▸ TASK
Leaving out every picture, please repeat exactly the line that contains "RITUEL DES CHEVEUX BOUCLÉS" and each line after it through the final line below.

▸ RECORDS SUPPLIED
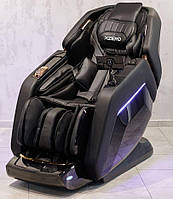 Массажное кресло XZERO LX100 Luxury Gray на вес до140 и рост до 200см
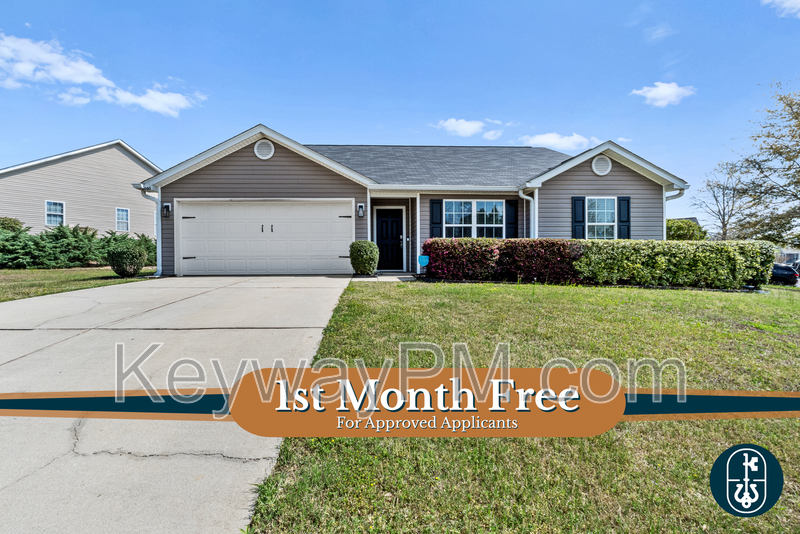 Graniteville House: 4060 Stone Pass Drive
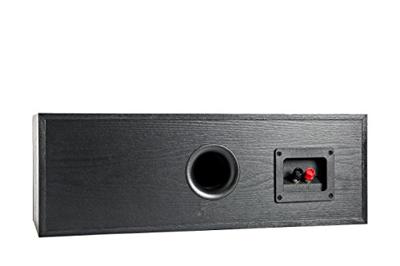 Polk Audio T30 luidspreker 2-weg 100 W Zwart Bedraad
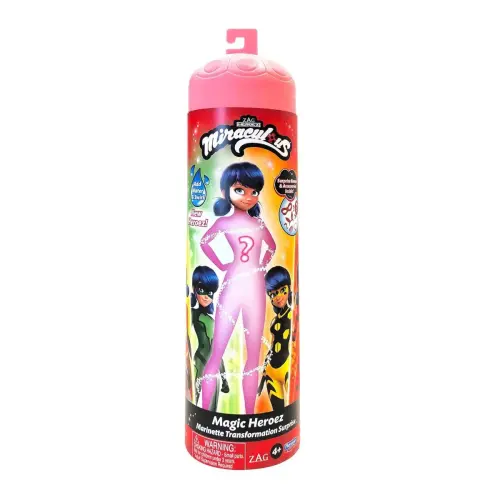 Кукла "Леди Баг и Супер-Кит" S2 - Невероятный сюрприз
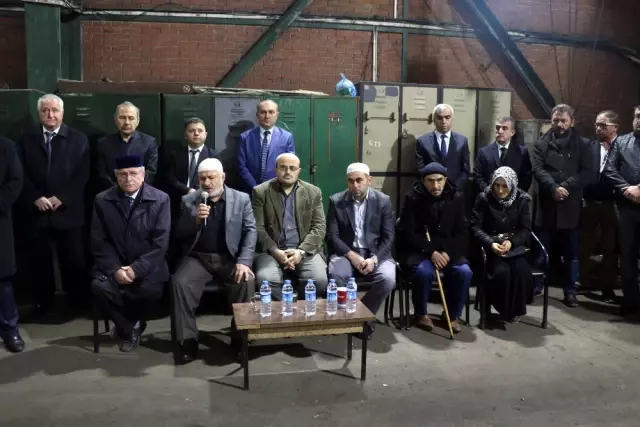 Helalleşerek Girdikleri Madende Öldüler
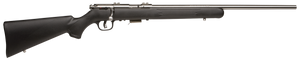 Savage 93 FSS Rifle 22 WMR 21 in. Black RH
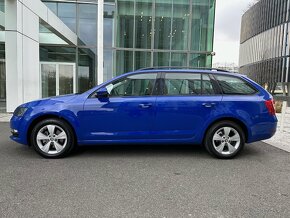 Škoda Octavia Combi 1.5 TSI CNG DSG pouze 11.000km - 4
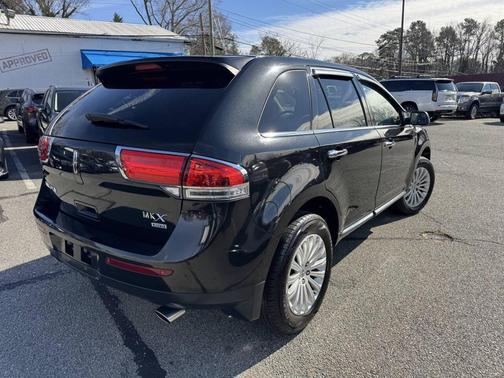 2013 Lincoln MKX Base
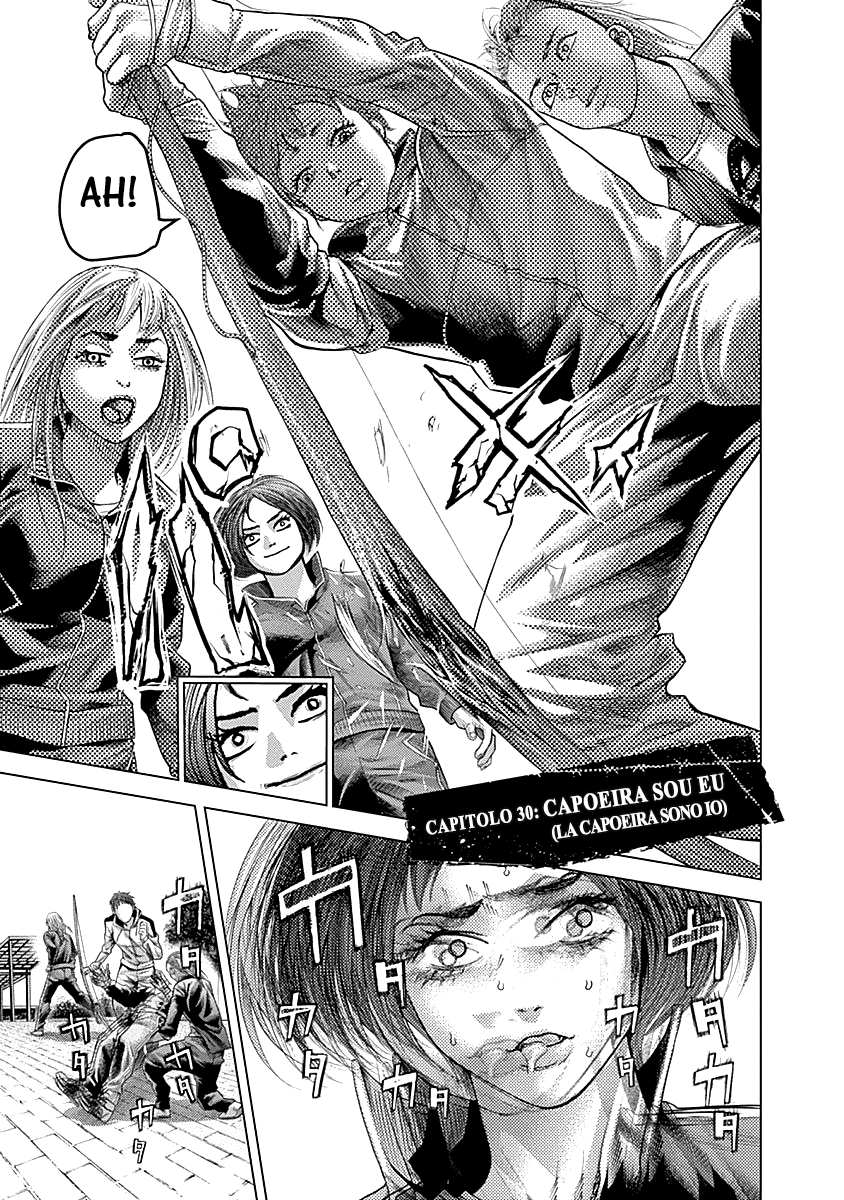 Read Batuque IT Manga Online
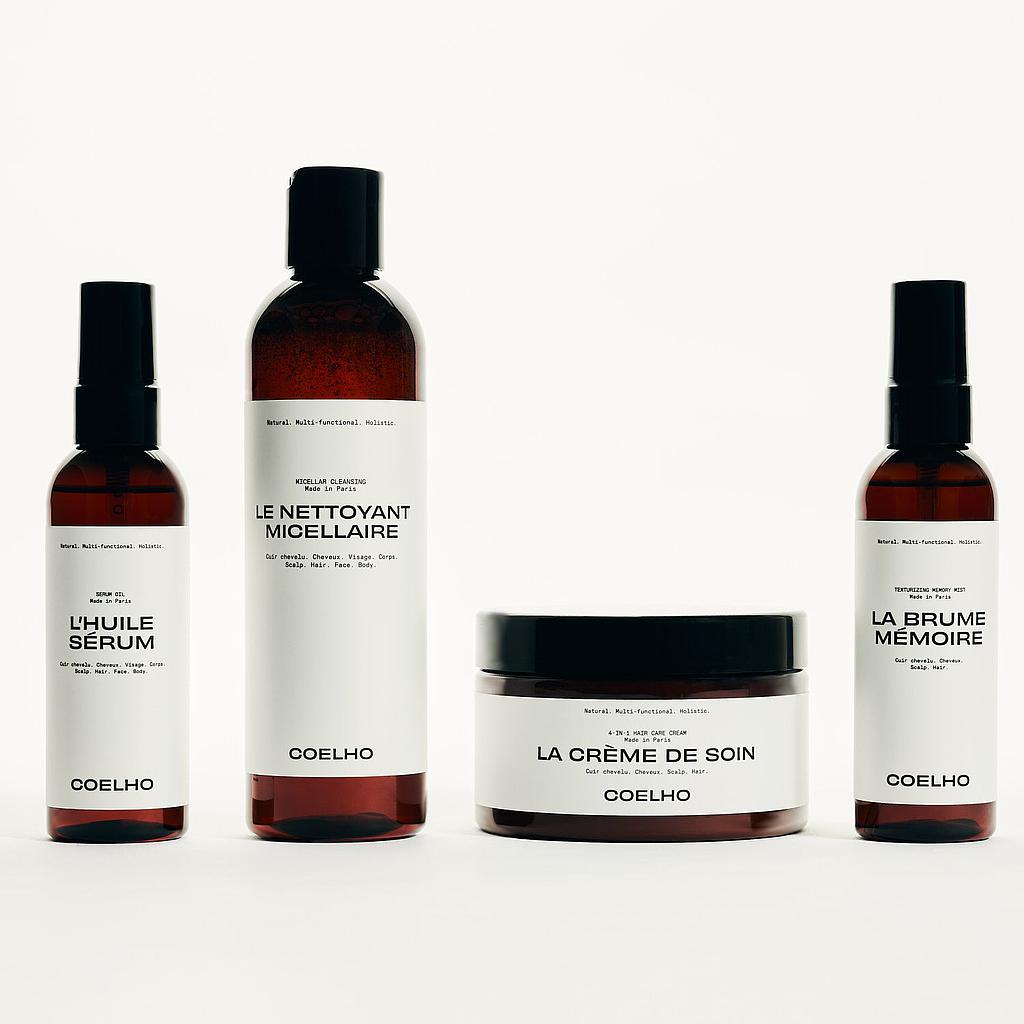 RITUEL DES CHEVEUX BOUCLÉS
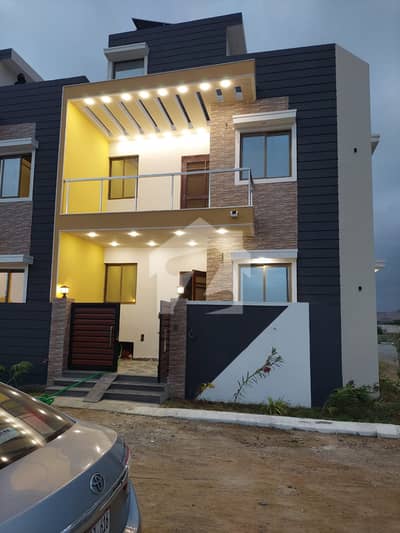 This Is Your Chance To Buy Prime Location House In Al Jannat City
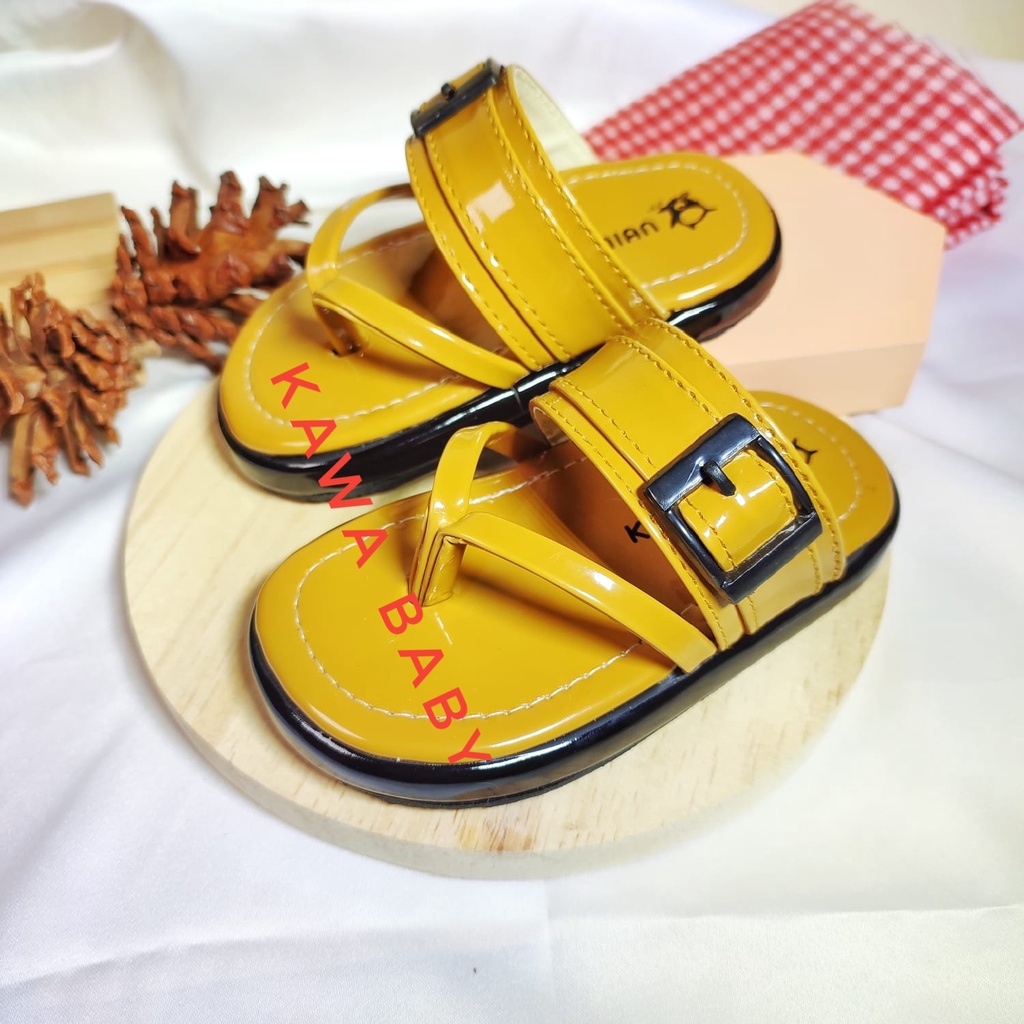 Sandal Prewalker cewe jempol JPT-GSP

▸ EXERCISE ANSWER
 RITUEL DES CHEVEUX BOUCLÉS
 This Is Your Chance To Buy Prime Location House In Al Jannat City
 Sandal Prewalker cewe jempol JPT-GSP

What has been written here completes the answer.